The upgrade argument
It all began months ago when word got out that the Cliff House's parent company, Texas-based Gal-Tex Hotel Corp., planned to expand its 55-room hotel by adding a secondary building on a neighboring property that borders Grand Avenue. Architect Doug Comstock says plans are to restore an older building (Wheeler House), and attach it to a swanky, new 79-room hotel. The property, called "Cliff House West," will feature a large ballroom, conference rooms, a natural-spring-water spa and a pool enclosed in a glass atrium.
Comstock says neighbors should appreciate the project. He says it's a vast improvement over a decaying Wheeler House surrounded by shabby, decades-old townhomes.
"We're replacing what is basically a run-down, undesirable-type property with a five-star hotel," he says.
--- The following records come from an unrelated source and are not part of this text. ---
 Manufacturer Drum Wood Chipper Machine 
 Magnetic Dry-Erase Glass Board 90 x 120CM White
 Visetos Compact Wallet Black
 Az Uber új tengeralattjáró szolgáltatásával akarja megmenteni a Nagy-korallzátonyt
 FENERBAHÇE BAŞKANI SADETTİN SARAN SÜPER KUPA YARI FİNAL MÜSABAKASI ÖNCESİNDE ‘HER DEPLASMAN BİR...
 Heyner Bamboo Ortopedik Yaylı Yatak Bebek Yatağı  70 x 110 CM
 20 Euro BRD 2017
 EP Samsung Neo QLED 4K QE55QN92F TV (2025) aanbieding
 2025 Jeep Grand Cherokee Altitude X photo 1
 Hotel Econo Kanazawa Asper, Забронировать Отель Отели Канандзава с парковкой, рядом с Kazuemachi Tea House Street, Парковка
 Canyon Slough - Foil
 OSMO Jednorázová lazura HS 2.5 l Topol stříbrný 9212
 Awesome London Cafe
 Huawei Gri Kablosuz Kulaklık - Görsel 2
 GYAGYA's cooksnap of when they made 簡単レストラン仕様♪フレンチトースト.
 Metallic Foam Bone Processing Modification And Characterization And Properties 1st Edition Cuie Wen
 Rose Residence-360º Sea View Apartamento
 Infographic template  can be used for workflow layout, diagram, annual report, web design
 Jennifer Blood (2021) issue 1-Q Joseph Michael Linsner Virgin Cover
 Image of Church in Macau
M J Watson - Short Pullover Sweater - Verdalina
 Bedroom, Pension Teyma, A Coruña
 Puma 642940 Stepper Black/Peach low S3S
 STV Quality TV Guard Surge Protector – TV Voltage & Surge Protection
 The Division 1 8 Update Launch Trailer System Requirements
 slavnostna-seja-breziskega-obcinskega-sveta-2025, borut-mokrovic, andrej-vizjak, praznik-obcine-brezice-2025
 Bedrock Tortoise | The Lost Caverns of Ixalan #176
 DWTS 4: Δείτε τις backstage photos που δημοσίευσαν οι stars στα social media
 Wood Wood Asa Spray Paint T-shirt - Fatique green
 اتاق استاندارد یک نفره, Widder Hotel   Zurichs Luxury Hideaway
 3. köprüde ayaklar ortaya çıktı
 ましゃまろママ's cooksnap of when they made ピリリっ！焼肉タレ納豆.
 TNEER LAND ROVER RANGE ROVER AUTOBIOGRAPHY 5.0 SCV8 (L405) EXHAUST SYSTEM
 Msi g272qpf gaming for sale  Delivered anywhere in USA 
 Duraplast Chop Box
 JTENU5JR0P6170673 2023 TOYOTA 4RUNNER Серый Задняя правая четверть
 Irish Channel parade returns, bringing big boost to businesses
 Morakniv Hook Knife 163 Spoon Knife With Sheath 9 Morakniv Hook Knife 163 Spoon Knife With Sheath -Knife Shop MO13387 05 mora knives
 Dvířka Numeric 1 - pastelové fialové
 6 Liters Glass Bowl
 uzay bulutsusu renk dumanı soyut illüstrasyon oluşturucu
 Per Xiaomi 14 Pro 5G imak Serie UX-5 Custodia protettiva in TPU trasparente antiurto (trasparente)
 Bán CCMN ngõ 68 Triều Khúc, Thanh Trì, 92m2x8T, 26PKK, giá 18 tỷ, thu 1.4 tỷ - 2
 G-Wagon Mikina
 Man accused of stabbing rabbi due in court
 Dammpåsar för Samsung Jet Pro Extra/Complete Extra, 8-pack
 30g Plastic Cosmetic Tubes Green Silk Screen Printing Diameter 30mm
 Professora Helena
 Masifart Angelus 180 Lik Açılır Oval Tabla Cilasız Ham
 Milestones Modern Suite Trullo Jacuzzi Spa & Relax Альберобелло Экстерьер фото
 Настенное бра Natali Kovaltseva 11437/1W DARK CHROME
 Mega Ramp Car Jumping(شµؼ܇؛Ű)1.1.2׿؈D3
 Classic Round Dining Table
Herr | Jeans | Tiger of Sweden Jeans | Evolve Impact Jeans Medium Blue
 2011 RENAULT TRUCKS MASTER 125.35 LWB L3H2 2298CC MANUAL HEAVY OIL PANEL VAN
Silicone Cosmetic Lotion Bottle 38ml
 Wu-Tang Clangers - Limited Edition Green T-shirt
Cliff House general manager Paul York is equally miffed, saying the hotel's owners expected a grateful Manitou to cheer when they heard of the expansion plans. (Independent publisher John Weiss, who owns business property on Park Avenue near the current Wheeler House, has provided some assistance to the Cliff House in an advisory role.)
But a number of Grand Avenue residents say the planned development is ugly. And it would block mountain views from some of the large, restored, historic homes that line the narrow street.
Some have fought the plan. So far, they're losing.
It's already received approval from the city's planning department and Historic Preservation Committee (though a recently uncovered property-line dispute will mean slight changes). Manitou City Council could make a final decision on the project as soon as Sept. 23.
Carrot and stick
But, maybe not.
Julie Wolfe and a few other inflamed Grand Avenue residents will be visiting City Council on Sept. 16. They have filed an appeal with Council, seeking to overturn the HPC's approval of the project because, they say, the Cliff House West does not meet the town's historic guidelines.
If Council agrees with the neighbors, the development could be stalled, changed or canceled. If Council decides to uphold the HPC's decision, neighbors could appeal that decision in circuit court, further delaying the project.
Wolfe, who happens to be an attorney, says she's not sure how far the neighbors will push, or whether they have any chance of victory.
"I just thought we owed it to ourselves to do the work," she says.
From her point of view, Manitou is being suckered with a carrot-and-stick approach. If the city approves the Cliff House, Manitou will collect more tax revenues. If it turns the project down, York has said, the Cliff House may close altogether because it hasn't turned a profit in years, a problem he blames on the hotel having too few rooms to attract business conferences.
Wolfe says the city should be less concerned with the survival of the Cliff House and more sensitive to homeowners, many of whom feel betrayed. She says she believed that if any development ever went in close to her home, it would be held to strict guidelines a key point for her when she bought her home and invested money to restore it.
And maybe she had reason to feel that way. In recent years, Manitou told Tom McGee he couldn't put houses on his 99 acres that stretch up Iron Mountain. Stephen Beisel got a "no" when he wanted to develop his 70 acres. Bruce Brian just wanted to put a personal home on his three acres, but Manitou killed that proposal in 2007, after over a decade of negotiations.
Manitou planning director Dan Folke, though, denies that the Cliff House received special treatment. He says that when projects get turned down, it's usually for practical reasons like lack of ground stability, or impossible utilities plans.
He thinks Cliff House West has made more than enough changes to comply with code, as well as to be considerate to the neighbors. Hotel representatives have been particularly mindful of Grand Avenue residents, he says, in lowering the heights of buildings that face the residential street. And the homeowners even stand to gain a little from the development: Gal-Tex is paying for utilities upgrades that should provide better water pressure on Grand, and allow for a working fire hydrant on the street.
"I think that they've exceeded the minimum requirements," he says.
If approved, Cliff House West would likely be finished two years from now.